## Task to complete
Nothing but the lines from the start of the entries through the line holding "Custom Bernese Mountain" is to be repeated, exactly and with pictures excluded.

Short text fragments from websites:
*-*-*

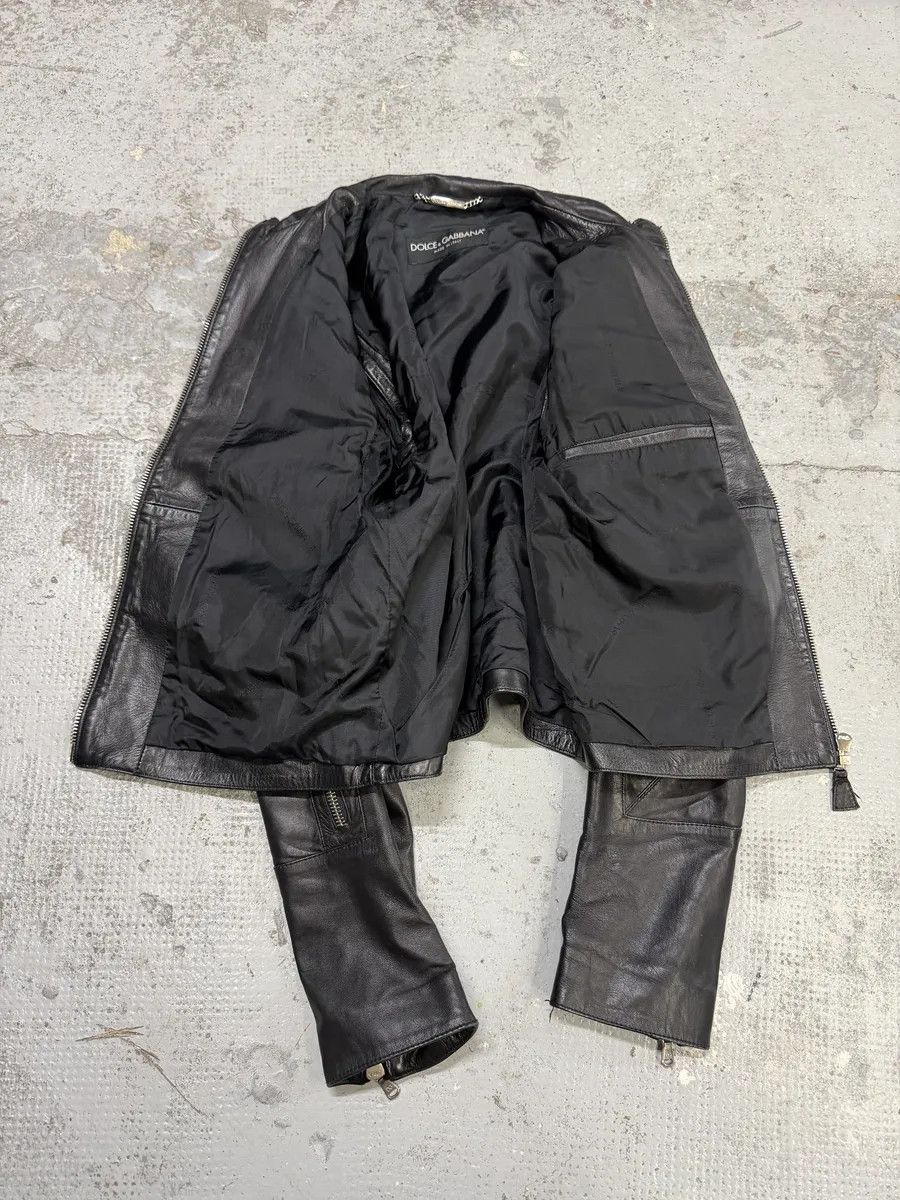 Dolce & Gabbana SS2002 Dolce & Gabbana Black Multi Zips Biker Leather Jacket with Detachable Sleeves Size US M / EU 48-50 / 2 - 14 Thumbnail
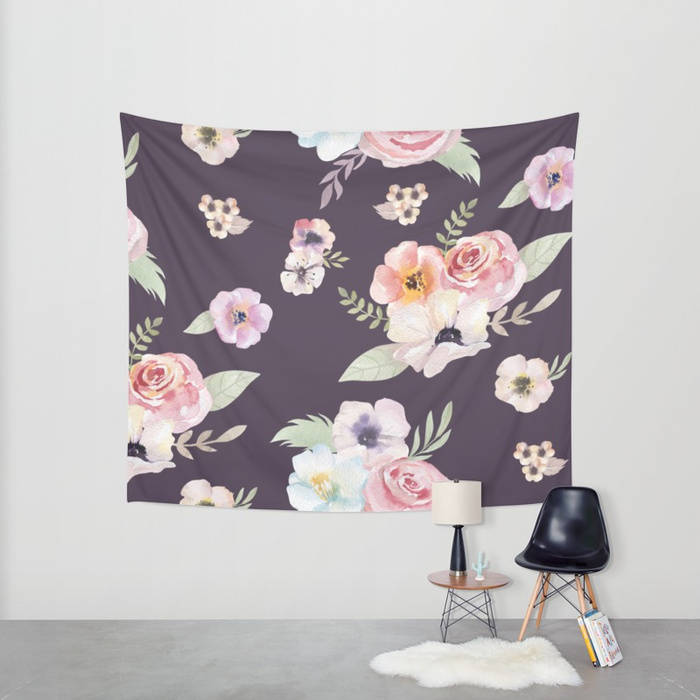 Wall Tapestry Watercolor Floral I Eggplant Purple Pink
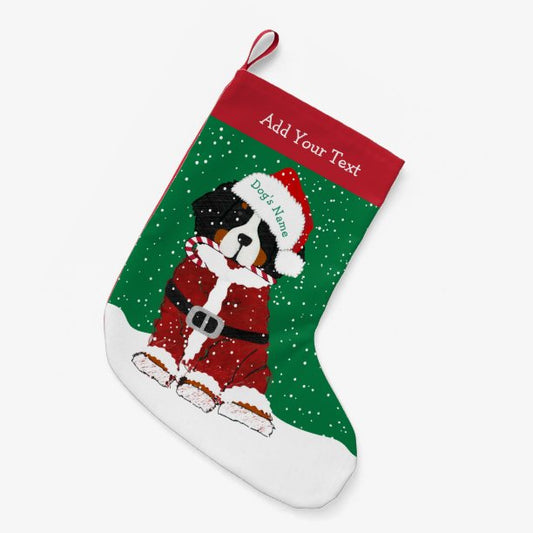 Custom Bernese Mountain Dog Santa Paws Small Christmas Stocking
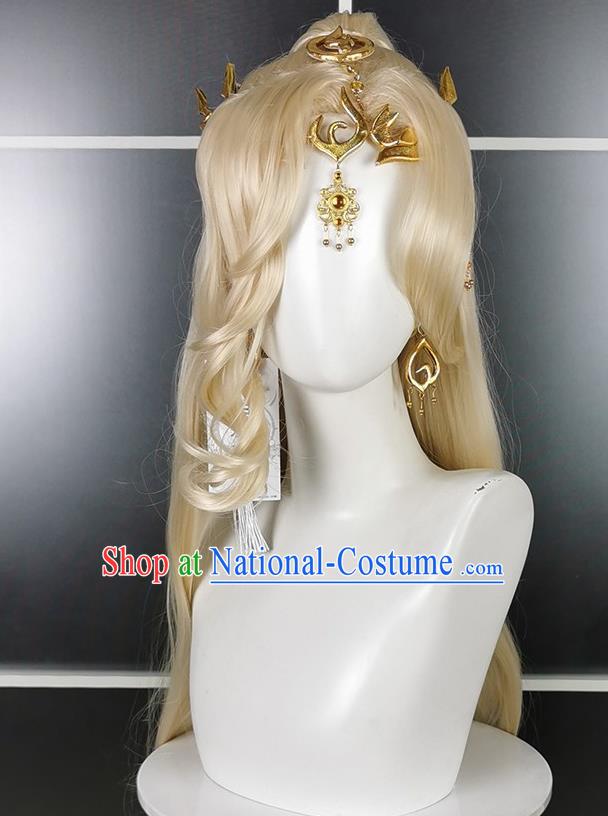 Chinese Cosplay Fairy Hairpieces Traditional Hanfu Goddess Golden Wigs Headdress Ancient Young Lady Hair Accessories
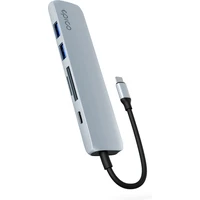 iWant by Epico 6v1 hliníkový hub 8K s USB-C blankytně modrý - USB huby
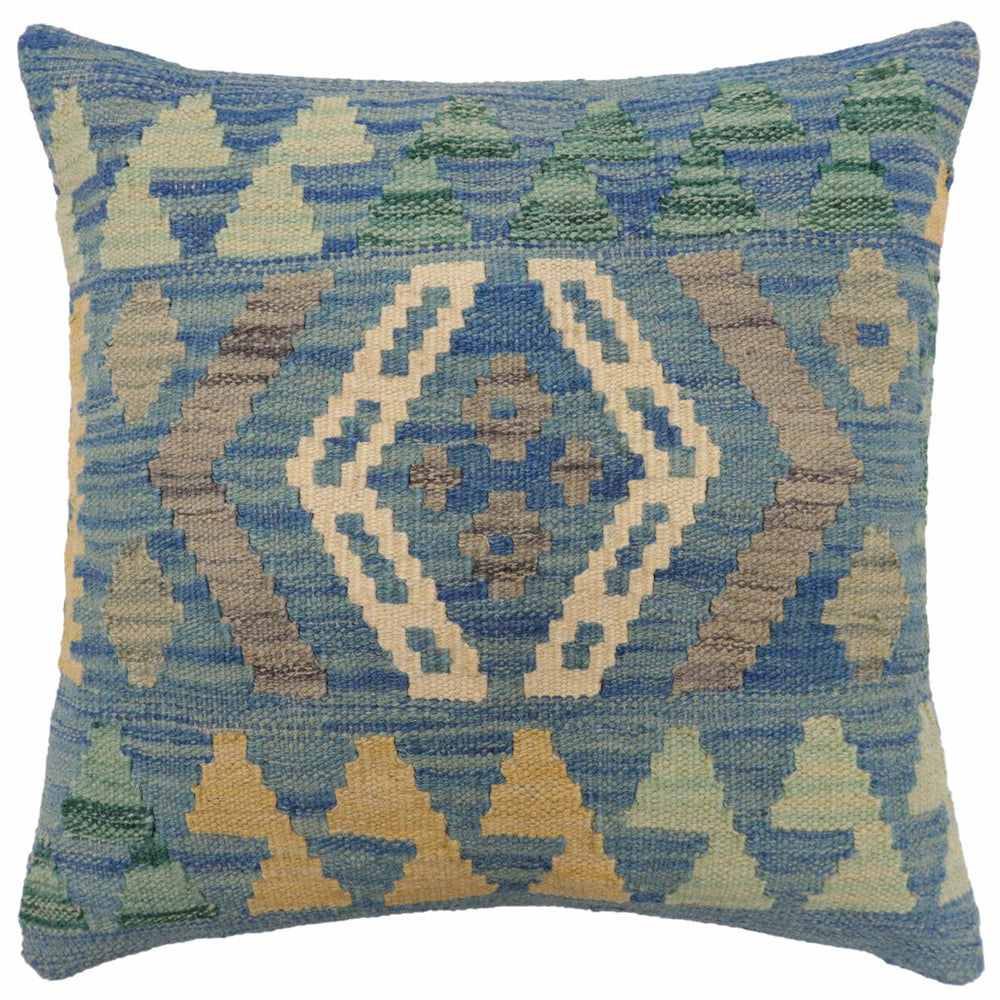handmade Traditional Pillow Blue Gray Hand-Woven SQUARE 100% WOOL Hand woven turkish pillow2 x 2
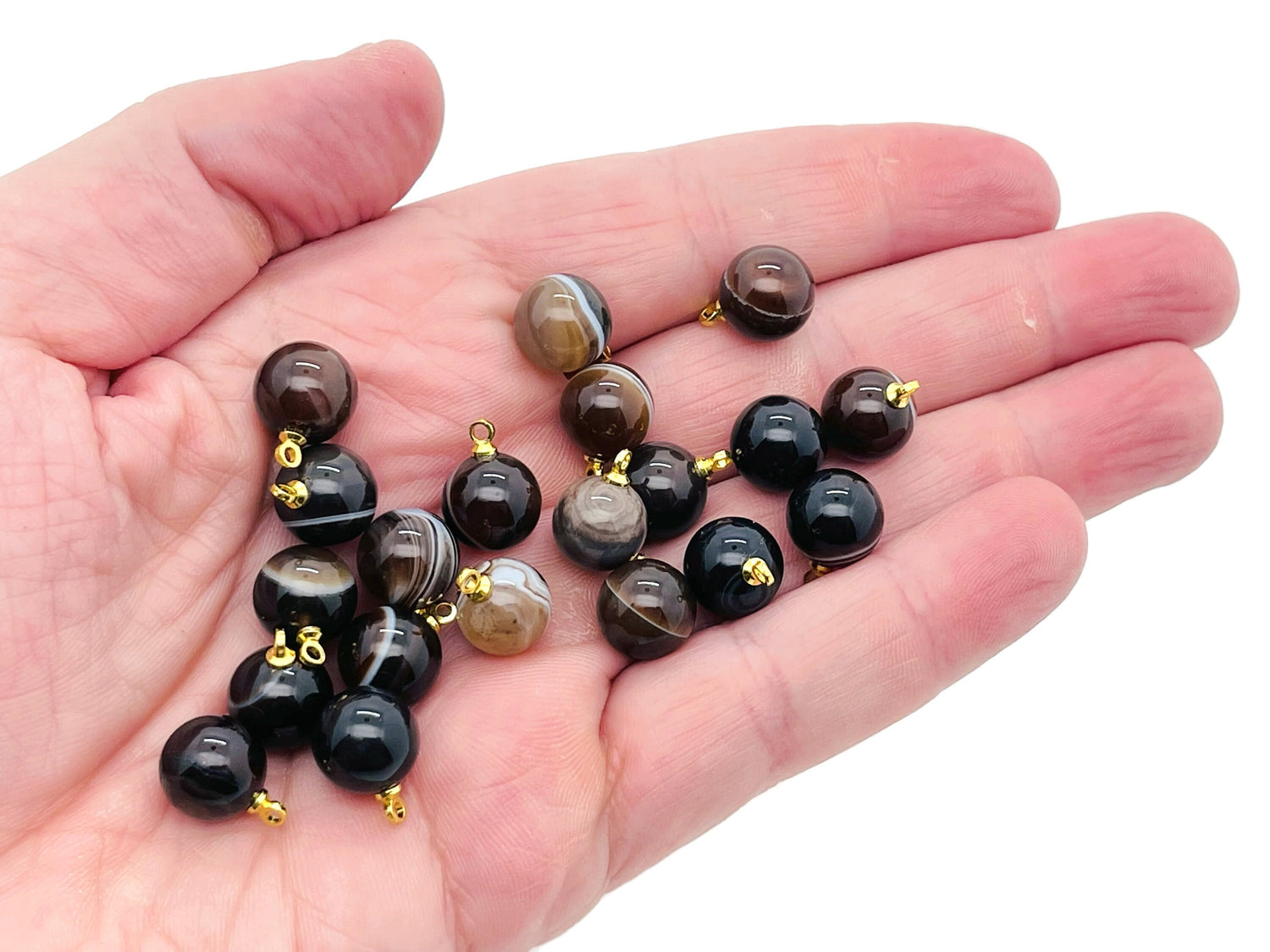 Black Agate Ball Beads Crystal Pendant - Jewelry Stone - NC1172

*-*-*

## Result below
 Dolce & Gabbana SS2002 Dolce & Gabbana Black Multi Zips Biker Leather Jacket with Detachable Sleeves Size US M / EU 48-50 / 2 - 14 Thumbnail
 Wall Tapestry Watercolor Floral I Eggplant Purple Pink
 Custom Bernese Mountain Dog Santa Paws Small Christmas Stocking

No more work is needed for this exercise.